Locate every line in the material below that has the word "Suzuki". Copy each of those lines.
Records for the task START
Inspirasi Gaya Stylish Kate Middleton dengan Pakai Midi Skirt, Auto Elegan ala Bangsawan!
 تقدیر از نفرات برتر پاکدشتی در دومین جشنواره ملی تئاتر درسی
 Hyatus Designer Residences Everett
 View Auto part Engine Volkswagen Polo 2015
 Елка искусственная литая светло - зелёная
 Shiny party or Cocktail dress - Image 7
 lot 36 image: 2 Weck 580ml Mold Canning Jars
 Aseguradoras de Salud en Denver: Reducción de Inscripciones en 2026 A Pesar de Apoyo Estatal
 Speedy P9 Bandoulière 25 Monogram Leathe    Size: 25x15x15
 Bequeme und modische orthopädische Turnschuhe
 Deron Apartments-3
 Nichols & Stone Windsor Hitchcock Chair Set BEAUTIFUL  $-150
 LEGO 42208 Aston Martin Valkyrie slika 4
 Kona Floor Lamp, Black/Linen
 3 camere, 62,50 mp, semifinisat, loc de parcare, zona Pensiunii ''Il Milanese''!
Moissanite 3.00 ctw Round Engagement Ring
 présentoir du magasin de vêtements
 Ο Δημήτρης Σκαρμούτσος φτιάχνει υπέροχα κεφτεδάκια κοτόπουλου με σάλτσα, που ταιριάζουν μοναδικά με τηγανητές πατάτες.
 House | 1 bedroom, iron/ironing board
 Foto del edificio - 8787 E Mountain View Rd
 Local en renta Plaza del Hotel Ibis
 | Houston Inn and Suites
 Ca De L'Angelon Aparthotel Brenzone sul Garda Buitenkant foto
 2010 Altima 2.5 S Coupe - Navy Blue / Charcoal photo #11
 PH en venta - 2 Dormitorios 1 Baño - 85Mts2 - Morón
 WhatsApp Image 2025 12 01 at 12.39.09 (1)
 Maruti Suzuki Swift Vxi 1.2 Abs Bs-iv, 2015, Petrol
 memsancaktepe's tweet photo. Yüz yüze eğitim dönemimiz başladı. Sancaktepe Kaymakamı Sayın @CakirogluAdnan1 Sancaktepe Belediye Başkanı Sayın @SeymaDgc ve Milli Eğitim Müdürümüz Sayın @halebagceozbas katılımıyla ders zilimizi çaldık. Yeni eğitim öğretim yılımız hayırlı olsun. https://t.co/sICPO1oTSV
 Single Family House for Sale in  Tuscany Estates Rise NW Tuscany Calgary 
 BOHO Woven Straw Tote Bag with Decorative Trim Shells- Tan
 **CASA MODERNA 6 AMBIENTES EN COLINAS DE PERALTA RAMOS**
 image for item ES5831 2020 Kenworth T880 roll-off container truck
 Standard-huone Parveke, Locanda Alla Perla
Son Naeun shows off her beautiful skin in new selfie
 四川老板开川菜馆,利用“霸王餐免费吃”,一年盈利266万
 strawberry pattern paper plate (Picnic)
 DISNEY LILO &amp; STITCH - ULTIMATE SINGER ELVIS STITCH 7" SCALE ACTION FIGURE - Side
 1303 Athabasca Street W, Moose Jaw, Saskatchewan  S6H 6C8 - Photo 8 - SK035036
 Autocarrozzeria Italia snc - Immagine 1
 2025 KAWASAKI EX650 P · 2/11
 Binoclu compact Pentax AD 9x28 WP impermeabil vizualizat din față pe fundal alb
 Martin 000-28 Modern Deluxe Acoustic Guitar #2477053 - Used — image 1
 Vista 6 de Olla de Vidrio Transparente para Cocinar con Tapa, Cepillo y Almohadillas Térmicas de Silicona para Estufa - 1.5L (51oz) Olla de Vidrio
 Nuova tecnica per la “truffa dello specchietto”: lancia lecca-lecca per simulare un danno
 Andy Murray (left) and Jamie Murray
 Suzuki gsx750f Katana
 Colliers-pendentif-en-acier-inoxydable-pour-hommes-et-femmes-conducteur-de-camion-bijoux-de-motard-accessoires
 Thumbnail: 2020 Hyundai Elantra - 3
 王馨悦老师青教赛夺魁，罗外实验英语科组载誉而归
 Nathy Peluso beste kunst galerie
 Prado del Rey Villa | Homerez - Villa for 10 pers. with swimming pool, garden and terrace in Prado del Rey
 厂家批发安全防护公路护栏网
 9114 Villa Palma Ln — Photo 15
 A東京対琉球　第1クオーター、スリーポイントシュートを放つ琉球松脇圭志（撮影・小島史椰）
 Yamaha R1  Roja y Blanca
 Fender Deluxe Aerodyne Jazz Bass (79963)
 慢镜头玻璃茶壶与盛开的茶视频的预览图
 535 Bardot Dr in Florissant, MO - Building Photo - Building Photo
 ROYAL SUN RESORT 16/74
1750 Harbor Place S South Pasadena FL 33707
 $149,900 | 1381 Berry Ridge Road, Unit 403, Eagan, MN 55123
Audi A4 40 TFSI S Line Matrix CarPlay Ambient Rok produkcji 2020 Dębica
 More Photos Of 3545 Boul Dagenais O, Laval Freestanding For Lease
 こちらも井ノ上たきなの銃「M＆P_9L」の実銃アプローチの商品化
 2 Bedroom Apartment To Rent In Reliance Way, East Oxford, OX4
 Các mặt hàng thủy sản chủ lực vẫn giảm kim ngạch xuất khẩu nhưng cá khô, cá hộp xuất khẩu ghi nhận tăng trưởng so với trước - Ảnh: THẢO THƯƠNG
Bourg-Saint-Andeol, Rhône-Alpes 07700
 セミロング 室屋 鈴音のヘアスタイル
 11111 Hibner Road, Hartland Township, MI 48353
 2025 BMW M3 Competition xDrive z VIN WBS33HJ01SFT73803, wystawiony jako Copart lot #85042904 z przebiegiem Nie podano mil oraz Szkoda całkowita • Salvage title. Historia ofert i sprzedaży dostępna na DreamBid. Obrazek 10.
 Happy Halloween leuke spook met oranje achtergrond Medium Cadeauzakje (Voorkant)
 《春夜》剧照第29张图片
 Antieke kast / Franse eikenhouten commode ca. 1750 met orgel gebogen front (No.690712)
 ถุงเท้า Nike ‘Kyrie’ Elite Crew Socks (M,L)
Records for the task END
• Result:
 Maruti Suzuki Swift Vxi 1.2 Abs Bs-iv, 2015, Petrol
 Suzuki gsx750f Katana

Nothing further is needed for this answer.